Prostatic hyperplasia is one of the most common diseases in middle-aged and elderly men. Its incidence increases with age. By the age of 60, more than 50% of men suffer from benign prostatic hyperplasia, and by the age of 80, the proportion is as high as 83%. Middle-aged and elderly men are more likely to develop prostate hyperplasia, provided that there are "functional testicles." Domestic scholars have investigated 26 elders of the Qing Dynasty eunuchs who underwent bilateral orchiectomy when they were 10 to 26 years old. The average age of the survey was 72 years old. As a result, the prostate of 21 people was completely inaccessible, and the prostate of the remaining 5 was significantly atrophy.
Trivial three: What will happen after being attacked by prostate hyperplasia?
The manifestations of benign prostatic hyperplasia are:
Urinary storage symptoms include increased frequency of urination, anxious to find the toilet when you have the urge to urinate, inability to hold urine or even urination;
Symptoms during urination period are mainly dysuria: including long waiting time at the beginning of urination, urinary difficulty, intermittent urination, thinning of the urine line, and shorter range of the urine line, etc.
Symptoms after urination are incomplete urination, and the urine drips for a long time at the end of urination;
Complications mainly include hematuria, urinary and reproductive tract infections, renal damage, bladder stones, inguinal hernia, anus prolapse, hemorrhoids and so on.
Little thing four: How to make prostate hyperplasia appear?
For middle-aged and elderly men over the age of 50, if symptoms such as increased frequency of urination during the day, increased frequency of waking up at night, or long waiting time for the initiation of urination are repeated or persistent, first consider benign prostatic hyperplasia and need to see a doctor! The doctor will confirm the diagnosis through medical history collection, "prostate symptom questionnaire", digital rectal examination, prostate ultrasound, and urine flow rate.
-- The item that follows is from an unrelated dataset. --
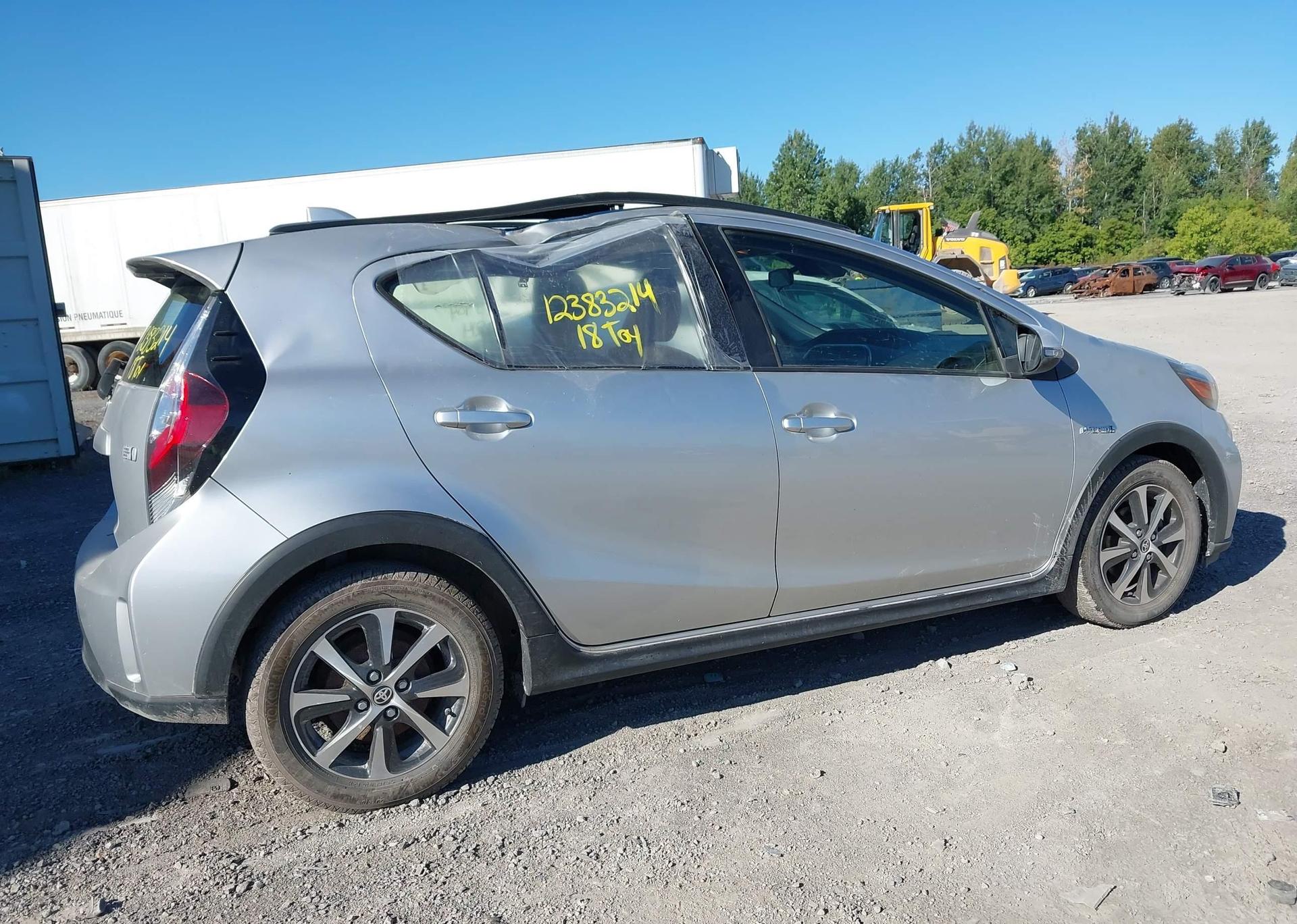 2018 TOYOTA Prius c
Digital rectal examination is a common physical examination method in urology. The doctor uses a finger to touch the prostate through the patient’s anus and across the rectum. This can give a preliminary understanding of the prostate and rectal lesions and anal tension within the finger’s reach.
Trivia 5: How to drive away prostate hyperplasia?
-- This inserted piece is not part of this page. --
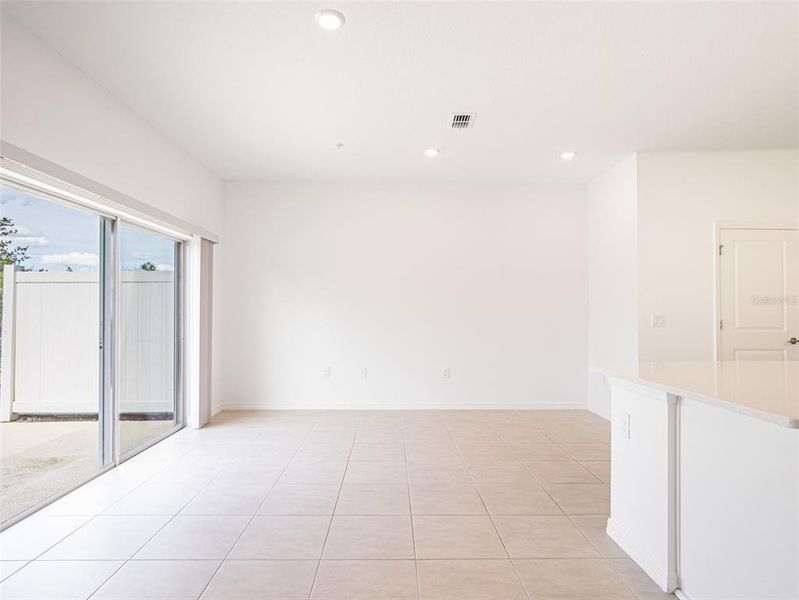 Spacious, unfurnished interior of a new home in , St. Cloud (Image 16).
The harmfulness of prostate hyperplasia lies in the pathophysiological changes caused by lower urinary tract obstruction. The pathology varies greatly among individuals, and not all of them show progressive development. Part of the disease does not progress to a certain extent, so even if there are mild obstruction symptoms, surgery is not required.
1. Watchful waiting: For mild symptoms, IPSS scores below 7 can be observed without treatment.
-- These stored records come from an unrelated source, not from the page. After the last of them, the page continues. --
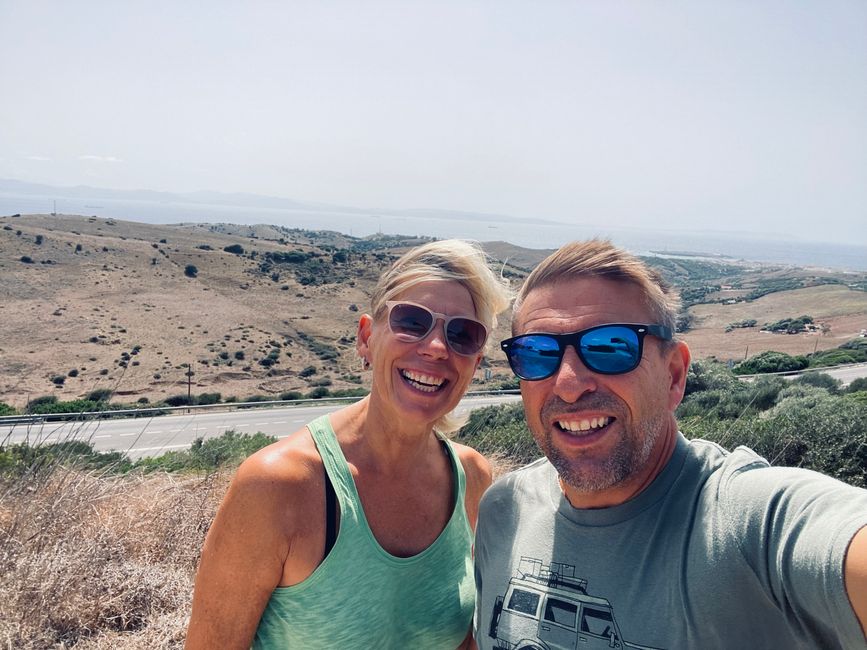 We are approaching Tarifa - at the Mirador de Estrecho, the warm Levante blows with storm force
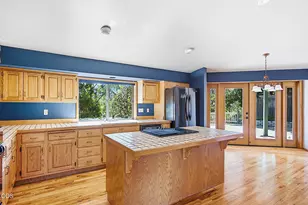 500 NW Woodson Dr, Grants Pass, OR 97526 - Photo 30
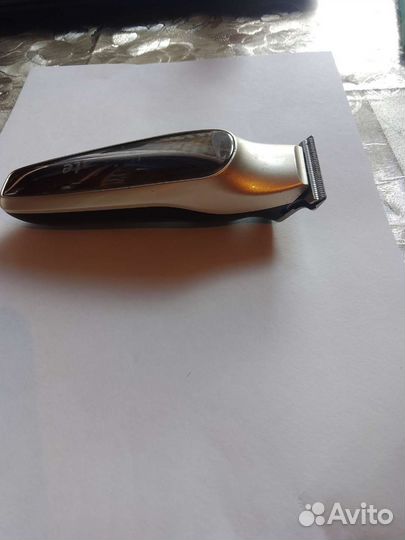 Продам машинку с 4я насадками, вместе с триммером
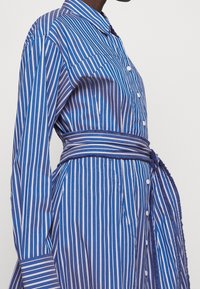 Steffen Schraut Skjortklänning - blue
2. Drug therapy: (1) 5α-reductase inhibitors (2) α1-receptor blockers (3) Others including M receptor antagonists, botanicals, Chinese medicines, etc. M receptor antagonists block the bladder M receptor, relieve excessive detrusor contraction and reduce bladder sensitivity, thereby improving the symptoms of urine storage in patients with BPH. Plant preparations such as Pushitai are suitable for the treatment of BPH and related lower urinary tract symptoms.
3. Surgical treatment: Surgery is still an important treatment for prostate hyperplasia. It is suitable for BPH patients with moderate to severe LUTS that have significantly affected the quality of life. The classic surgical methods include transurethral resection of the prostate (TURP), transurethral incision of the prostate (TUIP), and open prostatectomy. Currently TURP is still the "gold standard" for BPH treatment.
Through the above explanation, do you now understand prostate hyperplasia? If you have any related symptoms and related questions, please consult the relevant physicians of the Department of Urology, Lishui People's Hospital.